UAS in Ag: Sensors & Data

Traveling through the USA & Canada as part of my Nuffield Scholarship (Thanks to GRDC) I have heard the word data more times than I could count. In this post I am going to remove the platform aspect of the unmanned system and focus on sensors and the data they provide. Then in a later post how we can use it. In this article I do plan to try cover some concepts not widely discussed in the current UAS environment.

The reason an unmanned system is flown is to collect data, then turn that data into information to help monitor, assess and ultimately make timely, cost effective decisions based on that information. When collecting data it needs to be good quality. It is important not to confuse data quality with data type. For example, many tend to gravitate straight to the amount of megapixels a sensor captures, neglecting its spectral accuracy.

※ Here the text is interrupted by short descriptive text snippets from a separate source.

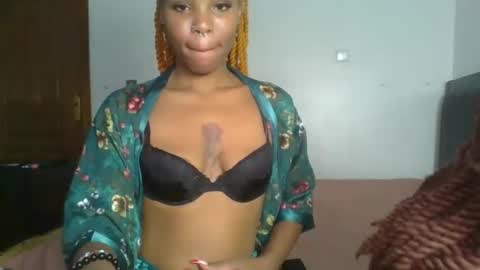 Snapshot of nasty_divah chatting on May 13, 8:12 am nasty_divah online show from May 13, 8:12 am
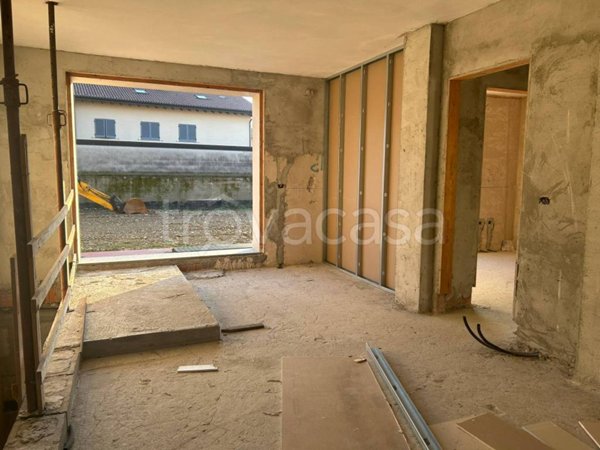 appartamento in vendita a Lurano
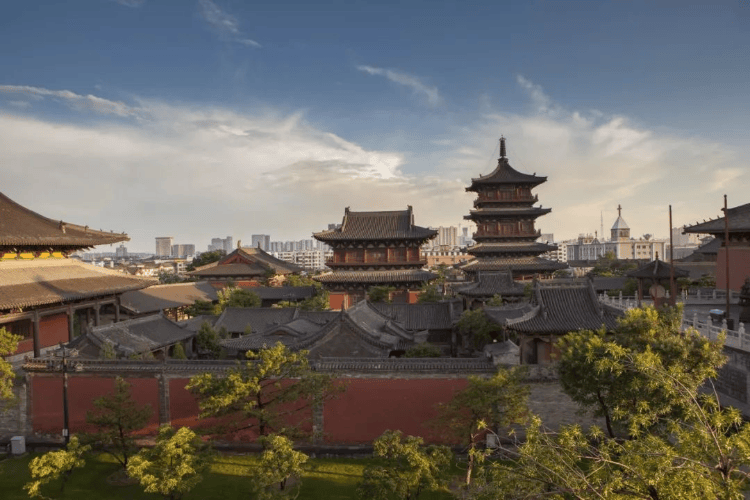 《黑神话：悟空》取景地大同华严寺殿墙遭游客刻字 网友：古迹不是你签名的留言板！辖区派出所：已介入调查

If we consider what our target is when collecting data from a UAS in a grain farming situation, it will most commonly be vegetation (not always but let’s focus on that). Collecting spatially referenced data of vegetation is by no means a new endeavour. This information has been collected as vastly as Landsat satellite imagery and as specific as a GreenSeeker. Generally, for vegetation, similar bandwidth reflectance is measured irrespective of proximity to the target. The same is true for sensors used in UAS. Why is this the case? Well you can read the long answer here (Remote Sensing of Biomass). The short answer is photosynthesis. In a plant that is photosynthesizing, the chlorophyll will absorb large amounts of ‘visual’ light, particularly blue and red, and reflect near infrared (NIR) light. The more photosynthetic activity, the more NIR light is reflected and less visual light absorbed. Conversely, inactive vegetation will reflect more visual and less NIR.

The best contrast is between red and NIR light which is what is generally used when calculating the Normalised Difference Vegetation Index (NDVI). NDVI is a good indicator of plant health and measure of biomass. Consequently, most sensors used to determine NDVI look into the red and NIR bands – some more accurately than others. The chart below shows the reflectance curve of green grass over different wavelengths. Below the X axis is a rough spectral guide to some of the well-known sensors available to us.

Reflectance of green grass & sensor spectral bands
Reflectance of green grass & sensor spectral bands

What is most notable is the wavelength spectrum or band at which each of the sensors read. If we consider the GreenSeeker, it is extremely specific at capturing a certain wavelength in the middle of the red spectrum and similarly specific in the NIR. At the other end of this comparison you can see that the S100 modified camera has very broad spectrum for each channel that it reads. Consider (what was before modification) the S100’s ‘red’ channel which reads roughly from 0.67um to 0.76um with the modified filter. Post modification, this channel is renamed NIR and measures reflectance in an area that covers red right through to NIR. The S100 modification retains the blue and green channels which replaces red when calculating NDVI. Another significant point that this chart does not show is the interference that can occur between the different bands in a point and shoot camera. Check out the S100 reflectance chart about half way down the page in this link which shows some NIR response in the blue and green channels.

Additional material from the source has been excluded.